Does anyone know where I can find details specific to SOX & SQL Server security? I'm trying to determine what SOX says about security of SQL Server if it says anything at all.
Disclaimer: this is all just my personal interpretation, based on my personal understanding of the issues, based on my personally banging my head on SOX issues the past few months.
SOX (The Sarbanes-Oxley Act of 2002, http://news.findlaw.com/hdocs/docs/gwbush/sarbanesoxley072302.pdf for a copy) says nothing about SQL Server. It says nothing about databases. It says nothing about IT. What it does say (and I'm still wading through that .PDF, so I probably am wrong about significant details--but not very) is that business entities that are publicly owned, or that have publicly held debt, have to be a lot more financially responsible than they have been (viz. Enron and other grande scams of recent times). To that end, they have to (a) keep track of (audit) the information that underlies their financial statements, and (b) be able to prove that they are doing so, because otherwise (c) anyone whose job title begins with a "C" (CEO, CIO, etc.) could end up in jail.

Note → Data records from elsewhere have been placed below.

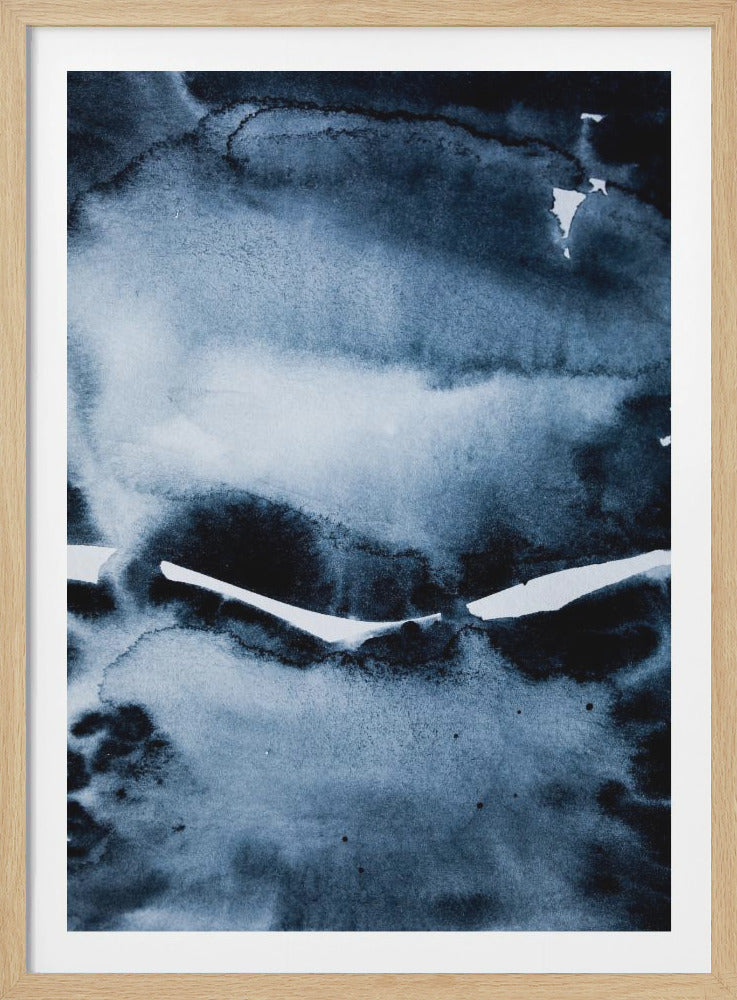 An abstract watercolor painting in a black frame, featuring various shades of deep indigo and muted blue. The colors bleed into each other creating a cloudy, atmospheric effect, with a sharp, jagged white line breaking through the center. Artwork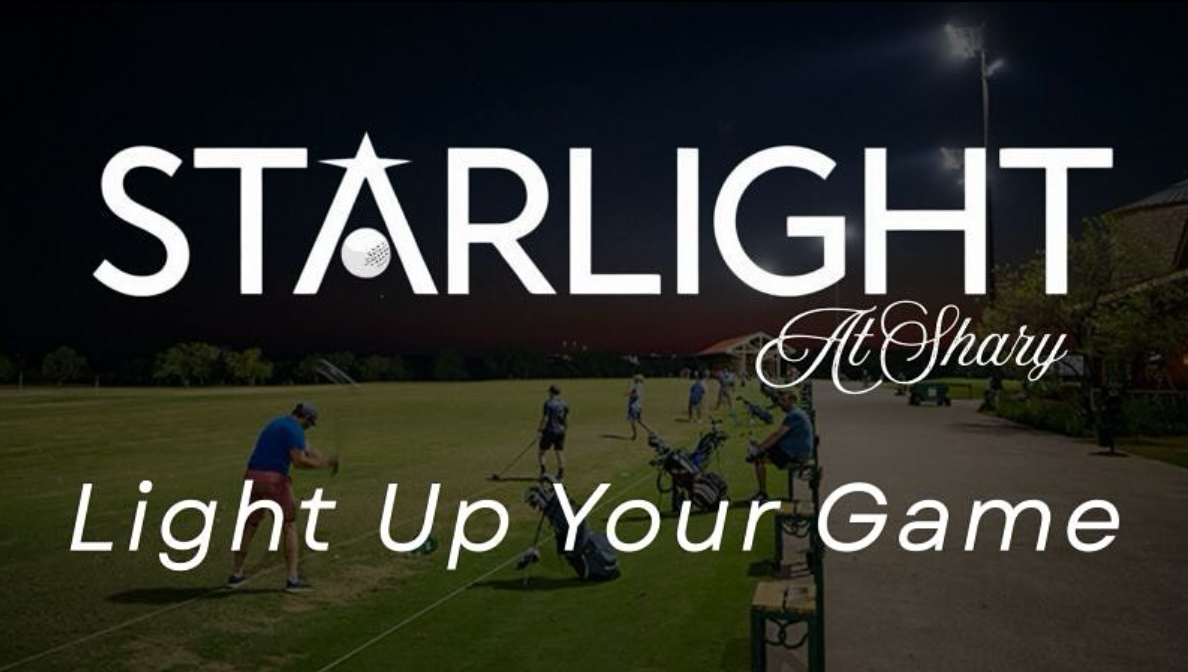 Golfer swinging at a golf ball on a driving range, with other golfers and trees in the background.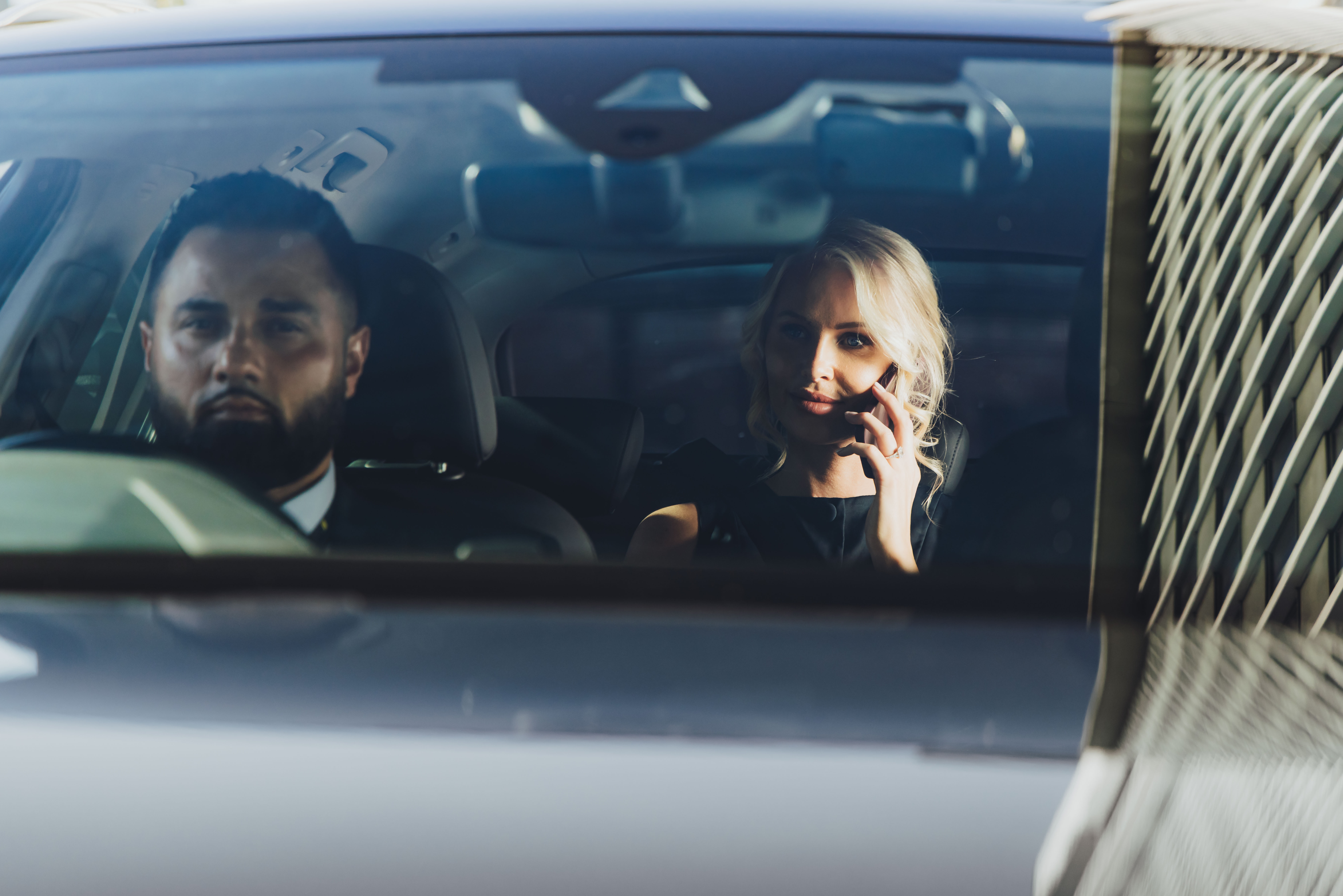 Corporate London woman on the phone in an executive Addison Lee car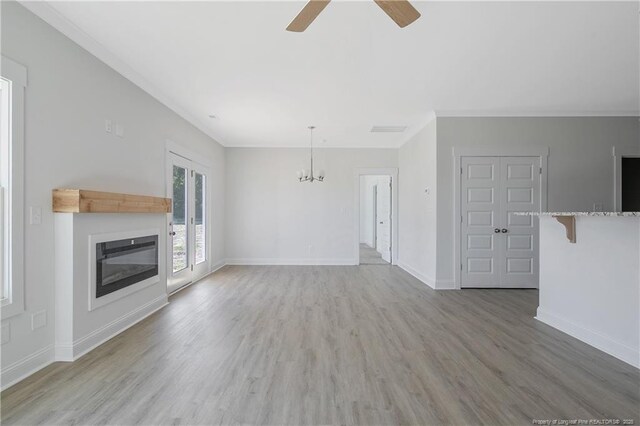 4905 High Branch Ct, Stedman, NC 28391 - unfurnished living room with ceiling fan, a chandelier, ornamental molding, light wood-style floors, and a glass covered fireplace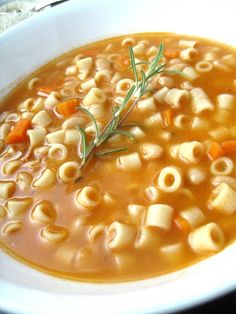 a white bowl filled with macaroni and cheese soup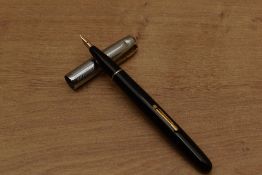 A Waterman Taperite lever fill fountain pen in Black with a chrome lined cap having Waterman 14K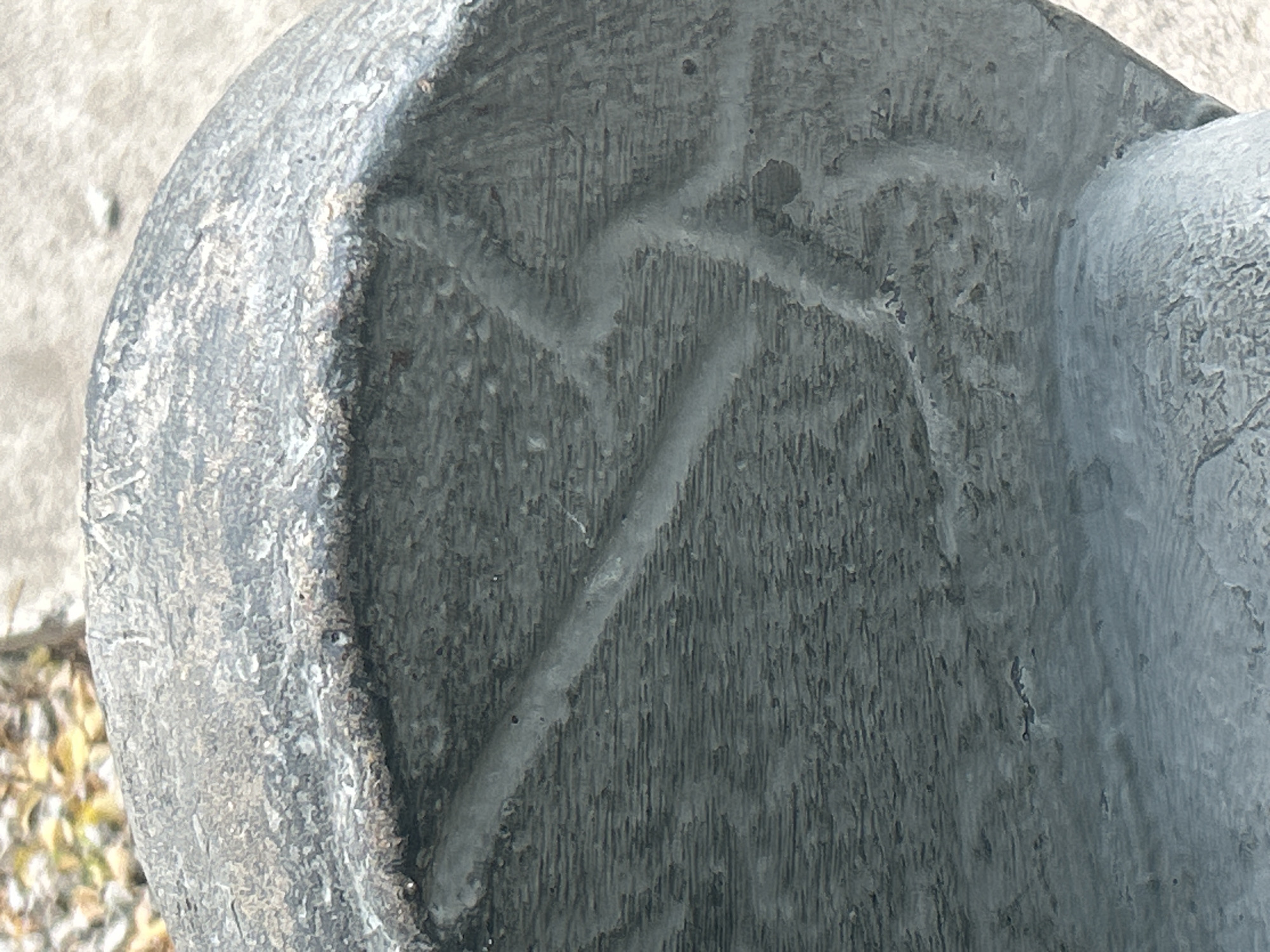 The image shows a close-up of a grey, textured surface with visible striations. There are lighter-colored, raised lines that form a pattern, appearing to be carved or embedded into the surface. The surface is curved and appears to be part of a larger object, possibly a statue or architectural element. In the upper left corner, out-of-focus foliage with autumnal colors is visible. The background is a light-colored, textured surface, likely concrete or pavement. The image does not contain any discernible people, actions, or interactions. There is no information available to determine the specific location of this object within the city of Santa Ana, Venezuela.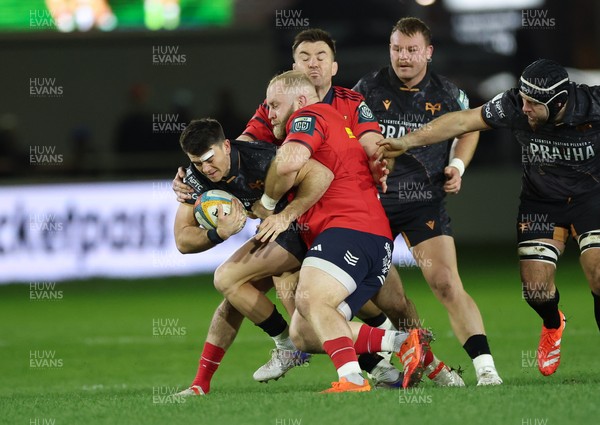 201225 - Ospreys v Munster, United Rugby Championship - Reuben Morgan-Williams of Ospreys is tackled by Jeremy Loughman of Munster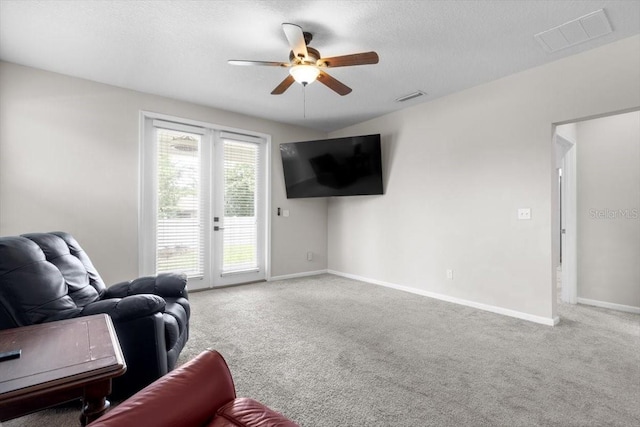 1011 Wetland Ridge Cir, Middleburg, FL 32068 - living area featuring ceiling fan, carpet flooring, and a textured ceiling
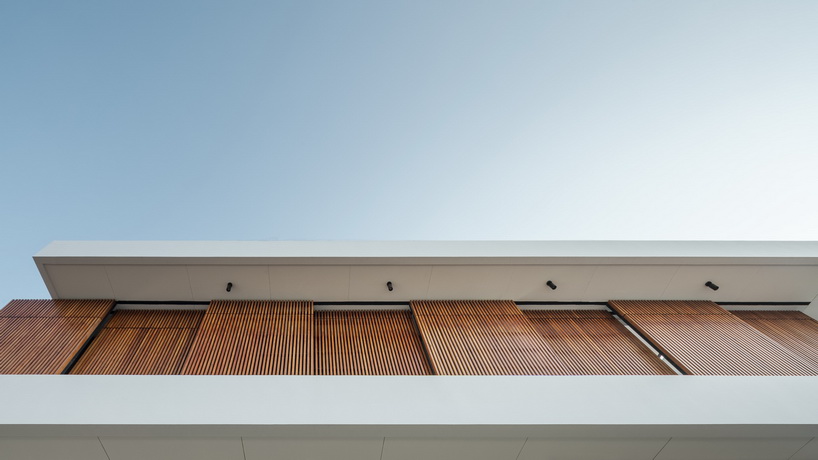 bangkae house by archimontage uses wooden sliding panels to maintain privacy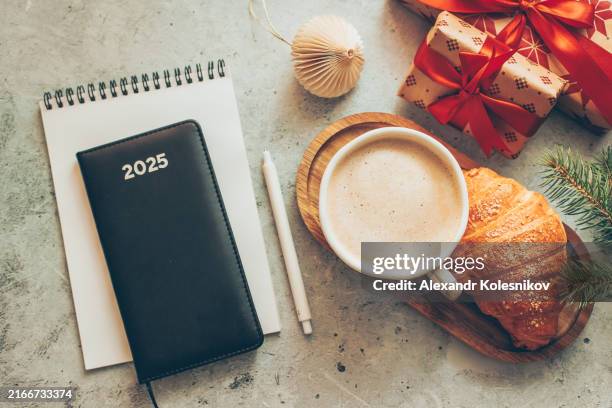 personal organizer for 2025 year, ring binder, coffee cup croissant, gift boxes and holiday decoration on concrete background. high angle view. concept of new year planning - agenda foto e immagini stock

It also seems to spell out that the only way to prove you are SOX-compliant is for an outside auditor to come in, check you over, and say that you're good. (If not, you're in trouble, though the nature of that trouble is not particularly specific.) Who can audit you? Why, people that they say can audit you. Who are "they"? Why, the Public Company Accounting Oversight Board (http://www.pcaobus.org/), which was established by the SOX act (see part 1 of the SOX act).
So what does any of this have to do with SQL Server, let alone databases? Darn good question. The logic goes that if the data in your databases is used to draw up the companies financial statements, then they want to know (a) who is able (not skilled or inclined, just able) to go in and monkey with the data, and (b) are they or are they not actually doing so. Fair enough questions, of course. Unfortunately, this is pretty hard to do for reasons that rapidly become apparent when you actually sit down and work out what you have to do and what you have to do it with. But that's a subject for another thread.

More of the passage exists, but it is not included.